2.Os meninos ficaram sozinho
Acende o sinal amarelo, mas se perdoa: deve ter sido um pequeno lapso, nada desabonador.
3.Os meninos ficou sozinho
Acende o sinal vermelho. Começam-se a ouvir alaridos, aqui e acolá: “Seu corno! Cabra safado! Vá primeiro aprender português, pra depois vir falar com a gente!”
4.Oz mininu ficô sozin
Aí, é o seguinte: paciência tem limite! O indivíduo é expulso do ambiente, por malversação da linguagem pública. Trata-se de um corrupto da linguagem, que precisa ser banido imediatamente do convívio social.
Acontece, porém, que a fonte que produziu “os meninos ficaram sozinhos” é a mesma que produz “os mininu ficô sizin”, ou “The boys stayed alone” (frases algo equivalentes sob línguas historicamente distintas). A Gramática Universal é a mesma para todos. Então, só a Pragmática é que tira de letra essa questão, mas não a Gramática Particular de uma língua como o português. Não é, portanto, muito correto corrigir um certo dado gramatical com base na gramática de uma língua particular, porque se está “corrigindo”, de fato, a pragmática, não a gramática (que, em si mesma, é incorrigível, por não ser incorreta, já na base).
Agora, é claro, pragmaticamente faz sentido a correção: “Olha, isto não se diz assim, mas assado…” e por aí vai.
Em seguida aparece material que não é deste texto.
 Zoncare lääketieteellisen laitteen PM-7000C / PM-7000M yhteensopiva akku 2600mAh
Ambas as denominações, “castanha-do-Pará” e “castanha-do-Brasil”, são utilizadas para se referir à mesma semente, que é extraída da árvore Bertholletia excelsa, popularmente conhecida como castanheira-do-Pará ou castanheira-do-Brasil. Portanto, ambas as formas são consideradas corretas, e a escolha entre elas pode depender de preferências regionais ou de contexto.